Arbitro: Sig. Maresca (Napoli) - Assistenti Sigg. Alassio e Paganessi - Quarto uomo Sig. Fabbrii - V.A.R. Sig. Calvarese - A.V.A.R. Sig. Meli.
Marcatori: 23' D'Ambrosio.
Note: ammonito al 31’ Luis Alberto, al 45'+2' D’Ambrosio, al 72' Bastos, all'81' Parolo tutti per gioco falloso, al 90' L. Martinez per proteste, al 45'+3' S. Inzaghi per proteste. Angoli 4-6. Recuperi: 2' p.t., 5' s.t.
Spettatori: 56.175, incasso non comunicato.
? La Gazzetta dello Sport titola: "Inter, dammi il 5. D’Ambrosio sfonda e la Lazio sbatte su super Handanovic. Conte vince ancora. Torna in vetta da solo. Con il gol dell’esterno i nerazzurri vincono la quinta di fila e superano la Juve. La capolista si gode una vittoria costruita con la forza di volontà . Inzaghi, che rimpianti...".
Continua la "rosea": Un terzino crossa, l’altro segna, il migliore è Handanovic. Bravissimo Barella, ancora generoso Lukaku, Sensi è entrato e si è sentito. Ok, ma l’Inter è soprattutto quella banda inespugnabile di bucanieri là dietro, plasmata dal furore di Antonio Conte. Un solo gol subìto in 5 match, come non accadeva da Mancini 2015-16 che sgommò con 5 vittorie su 5. Come ora Conte che è tornato al comando e ha lasciato il Napoli a 6 punti. Ma più di una classifica in fasce, conta lo spirito di una squadra che sta crescendo sempre più riconoscibile nella sua identità etico-tattica, a somiglianza del suo allenatore, che anche ieri è stato decisivo con scelte iniziali e cambi in corsa. L’Inter capolista è questa cosa qui che arriva in vetta strisciando sulle rocce, se serve, fino a sbucciarsi le ginocchia. Si trova davanti una Lazio dalla qualità di gioco superiore? La pareggia con l’intelligenza e con la forza volontà e va oltre. Per i traguardi più ambiziosi le manca ancora qualcosa a centrocampo. Un Milinkovic-Savic, per esempio, che ieri, sostituito, è stato applaudito dal pubblico di San Siro.

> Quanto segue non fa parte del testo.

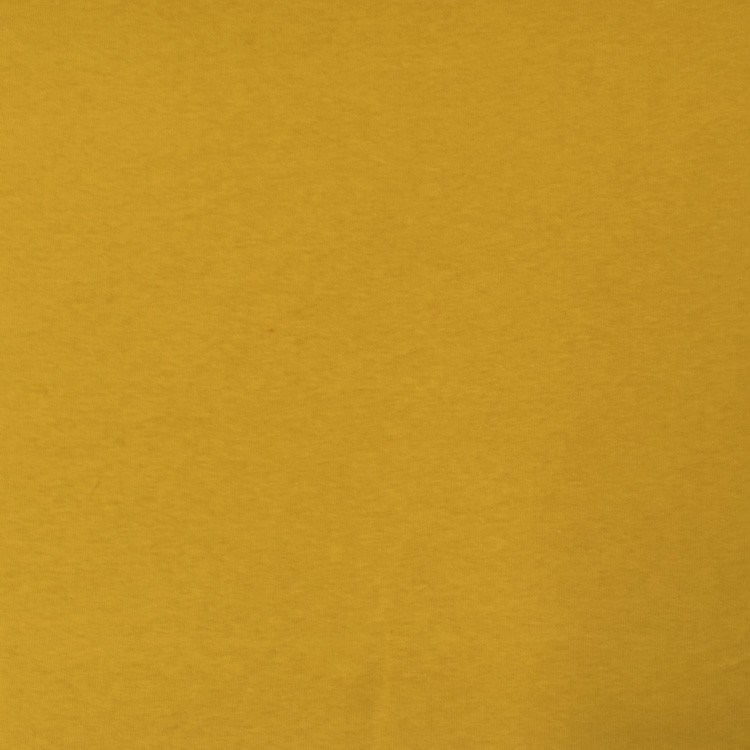 Tissu jersey sweat Uni - Jaune moutarde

Chissà che a gennaio Suning, esaltato dal campionato in corso, non regali qualcosa di importante a Conte per renderlo ancora più competitivo a primavera.

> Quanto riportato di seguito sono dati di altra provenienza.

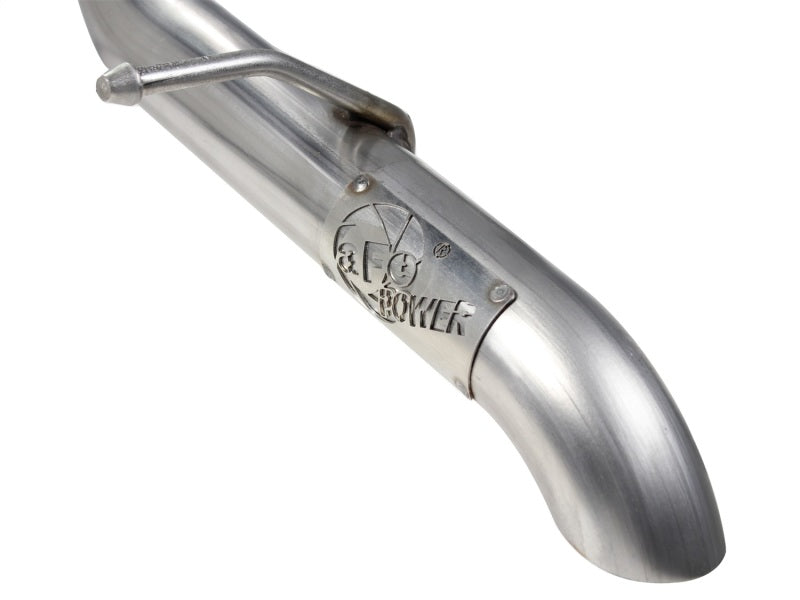 aFe MACHForce XP Exhaust Cat-Back 2.5in SS-409 Hi-Tuck 12-14 Jeep Wrangler Unlimited V6 3.6L 4Dr - 49-46231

Correa, il simbolo. Il cucchiaio lezioso e tremebondo con cui Correa si è mangiato uno dei suoi tre gol è il simbolo di tutta la Lazio, eternamente incompiuta e immatura per spendere tutta la sua notevole qualità . La difesa, dal gol in giù, ha commesso ingenuità inaccettabili. Dopo un derby dominato e pareggiato, una sconfitta a San Siro che, alla luce dei valori, avrebbe potuto (dovuto) evitare. E dopo il mal di pancia di Immobile, la sostituzione di Milinkovic sul più bello. A Simone il lavoro non manca. Gol di Conte. Più robusto il turnover di Inzaghi. Su tutte spiccano due assenze: mancano il brontolone Immobile (punizione travestita da scelta tecnica) e rinuncia a Sensi che finora le ha giocate tutte. Senza il genietto di Urbino, con due terzini in fascia (D’Ambrosio e il debuttante Biraghi) gran parte della fatica creativa rotola sulle spalle di Brozovic, come il mondo su quelle di Atlante. Il primo quarto d’ora di impaccio nerazzurro alimenta il sospetto: ma dovendo rinunciare a Sensi, Conte non poteva permettersi almeno un esterno costruttivo (Candreva)? La Lazio, che ha già tanta qualità in mezzo, spinge con Lazzari e Jony che in Spagna faceva l’esterno alto. Ma il calcio a volte è come l’amore: quando credi di averlo capito, poi succede il contrario. Minuto 23: un terzino (Biraghi) crossa per l’altro (D’Ambrosio) che sbuca alle spalle di Jony, non abituato a marcare, e schiaccia di testa in rete. Lazzari è rimasto a guardare il cross di Biraghi. Come non detto. Inter, anzi, Conte in vantaggio.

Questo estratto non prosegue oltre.